The marketing strategy statement consists of three parts and should be formulated carefully:
A description of the target market, the planned value proposition, and the sales, market share and
profit goals for the first few years
An outline of the product’s planned price, distribution and marketing budget for the first year
The planned long-term sales, profit goals and the marketing mix strategy.
In order to estimate sales, the company could look at the sales history of similar products and
conduct market surveys. Then, it should be able to estimate minimum and maximum sales to assess
the range of risk. When the sales forecast is prepared, the firm can estimate the expected costs and
profits for a product, including marketing, R&D, operations etc. All the sales and costs figures
together can eventually be used to analyse the new product’s financial attractiveness.
The R&D department will develop and test one or more physical versions of the product concept.

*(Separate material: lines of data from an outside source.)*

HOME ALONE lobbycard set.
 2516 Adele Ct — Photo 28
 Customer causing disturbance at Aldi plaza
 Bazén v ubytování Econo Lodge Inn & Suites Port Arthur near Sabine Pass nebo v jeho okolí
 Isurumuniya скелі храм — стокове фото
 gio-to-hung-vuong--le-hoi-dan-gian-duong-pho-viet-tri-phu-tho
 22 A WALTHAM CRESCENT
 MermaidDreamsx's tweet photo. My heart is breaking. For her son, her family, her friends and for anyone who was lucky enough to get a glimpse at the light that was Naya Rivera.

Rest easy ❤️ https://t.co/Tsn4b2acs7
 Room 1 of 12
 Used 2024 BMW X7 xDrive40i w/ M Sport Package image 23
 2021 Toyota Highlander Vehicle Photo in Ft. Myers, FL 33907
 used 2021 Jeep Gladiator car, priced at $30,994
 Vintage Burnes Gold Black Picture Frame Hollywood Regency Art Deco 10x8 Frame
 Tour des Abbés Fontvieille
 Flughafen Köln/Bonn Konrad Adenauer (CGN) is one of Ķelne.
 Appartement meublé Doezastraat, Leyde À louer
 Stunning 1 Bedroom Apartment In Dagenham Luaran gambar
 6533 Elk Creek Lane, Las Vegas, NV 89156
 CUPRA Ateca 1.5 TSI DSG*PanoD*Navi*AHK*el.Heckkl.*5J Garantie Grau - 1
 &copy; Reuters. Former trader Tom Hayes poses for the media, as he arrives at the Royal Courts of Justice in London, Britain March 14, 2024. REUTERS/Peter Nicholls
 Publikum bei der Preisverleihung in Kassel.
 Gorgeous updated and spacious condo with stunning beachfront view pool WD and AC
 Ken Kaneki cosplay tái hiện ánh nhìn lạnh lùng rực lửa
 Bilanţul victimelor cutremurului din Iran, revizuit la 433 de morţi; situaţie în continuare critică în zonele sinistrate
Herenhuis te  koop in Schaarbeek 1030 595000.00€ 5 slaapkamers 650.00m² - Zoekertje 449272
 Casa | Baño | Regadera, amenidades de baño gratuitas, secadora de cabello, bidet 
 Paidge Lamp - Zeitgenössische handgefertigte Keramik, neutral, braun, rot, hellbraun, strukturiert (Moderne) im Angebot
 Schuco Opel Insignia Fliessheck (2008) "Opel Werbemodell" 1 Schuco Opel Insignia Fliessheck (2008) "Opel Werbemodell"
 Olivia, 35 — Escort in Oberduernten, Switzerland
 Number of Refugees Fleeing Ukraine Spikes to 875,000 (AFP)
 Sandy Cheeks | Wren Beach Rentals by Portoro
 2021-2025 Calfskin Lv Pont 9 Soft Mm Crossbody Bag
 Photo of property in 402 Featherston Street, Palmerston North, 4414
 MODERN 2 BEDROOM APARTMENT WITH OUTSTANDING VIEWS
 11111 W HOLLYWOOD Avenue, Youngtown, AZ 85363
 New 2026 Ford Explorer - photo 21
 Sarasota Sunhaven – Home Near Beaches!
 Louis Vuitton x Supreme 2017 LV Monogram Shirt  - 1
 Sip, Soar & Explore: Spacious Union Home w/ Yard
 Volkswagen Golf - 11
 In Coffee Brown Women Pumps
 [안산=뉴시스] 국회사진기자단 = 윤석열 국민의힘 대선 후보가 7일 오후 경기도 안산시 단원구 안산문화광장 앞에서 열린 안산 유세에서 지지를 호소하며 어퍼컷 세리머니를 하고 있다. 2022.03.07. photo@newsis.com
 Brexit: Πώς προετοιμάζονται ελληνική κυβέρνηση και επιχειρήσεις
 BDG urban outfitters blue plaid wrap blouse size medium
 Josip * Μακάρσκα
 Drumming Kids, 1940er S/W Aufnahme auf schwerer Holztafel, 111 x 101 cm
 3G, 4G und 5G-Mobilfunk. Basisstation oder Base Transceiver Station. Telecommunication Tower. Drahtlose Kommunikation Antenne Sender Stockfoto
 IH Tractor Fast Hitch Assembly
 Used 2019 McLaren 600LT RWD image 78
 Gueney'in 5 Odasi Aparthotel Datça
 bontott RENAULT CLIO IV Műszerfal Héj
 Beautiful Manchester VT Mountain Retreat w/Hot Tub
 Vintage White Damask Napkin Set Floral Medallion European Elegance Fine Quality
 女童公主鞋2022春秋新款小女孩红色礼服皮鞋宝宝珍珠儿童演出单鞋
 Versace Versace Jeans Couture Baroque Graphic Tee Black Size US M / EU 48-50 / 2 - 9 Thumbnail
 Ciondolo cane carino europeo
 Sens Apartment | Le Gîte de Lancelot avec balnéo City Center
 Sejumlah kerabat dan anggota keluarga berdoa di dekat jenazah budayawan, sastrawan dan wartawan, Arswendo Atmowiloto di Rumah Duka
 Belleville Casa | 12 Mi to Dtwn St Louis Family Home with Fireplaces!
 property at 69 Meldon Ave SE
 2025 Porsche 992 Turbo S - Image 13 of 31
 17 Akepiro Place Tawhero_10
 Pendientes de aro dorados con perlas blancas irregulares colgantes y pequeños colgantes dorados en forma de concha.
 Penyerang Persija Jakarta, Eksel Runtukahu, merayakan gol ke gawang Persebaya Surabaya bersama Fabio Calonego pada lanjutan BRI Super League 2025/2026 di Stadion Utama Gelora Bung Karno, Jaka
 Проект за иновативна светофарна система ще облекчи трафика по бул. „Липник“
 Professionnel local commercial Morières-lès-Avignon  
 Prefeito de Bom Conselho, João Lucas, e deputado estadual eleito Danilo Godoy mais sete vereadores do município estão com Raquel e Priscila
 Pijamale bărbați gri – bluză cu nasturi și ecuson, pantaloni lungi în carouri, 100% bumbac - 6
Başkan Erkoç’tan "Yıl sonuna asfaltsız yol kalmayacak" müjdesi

Developing a successful prototype, however, can take days, weeks, months or even years, depending
on the product and prototype methods.
Also, products often undergo tests to make sure they perform safely and effectively. This can be done
by the firm itself or outsourced.
In many cases, marketers involve actual customers in product testing. Consumers can evaluate
prototypes and work with pre-release products. Their experiences may be very useful in the product
development stage.
The amount of test marketing necessary varies with each new product. Especially when introducing a
new product requiring a large investment, when the risks are high, or when the firm is not sure of the
product or its marketing programme, a lot of test marketing may be carried out.
8. Commercialisation
Test marketing has given management the information needed to make the final decision: launch or
do not launch the new product. The final stage in the new product development process is
commercialisation. Commercialisation means nothing else than introducing a new product into the
market. At this point, the highest costs are incurred: the company may need to build or rent a
manufacturing facility. Large amounts may be spent on advertising, sales promotion and other
marketing efforts in the first year.
Introduction timing. For instance, if the economy is down, it might be wise to wait until the following
year to launch the product. However, if competitors are ready to introduce their own products, the
company should push to introduce the new product sooner.
Introduction place. Where to launch the new product? Should it be launched in a single location, a
region, the national market, or the international market? Normally, companies don’t have the
confidence, capital and capacity to launch new products into full national or international distribution
from the start. Instead, they usually develop a planned market rollout over time.
In all of these steps of the new product development process, the most important focus is on creating
superior customer value. Only then, the product can become a success in the market. Only very few
products actually get the chance to become a success. The risks and costs are simply too high to
allow every product to pass every stage of the new product development process.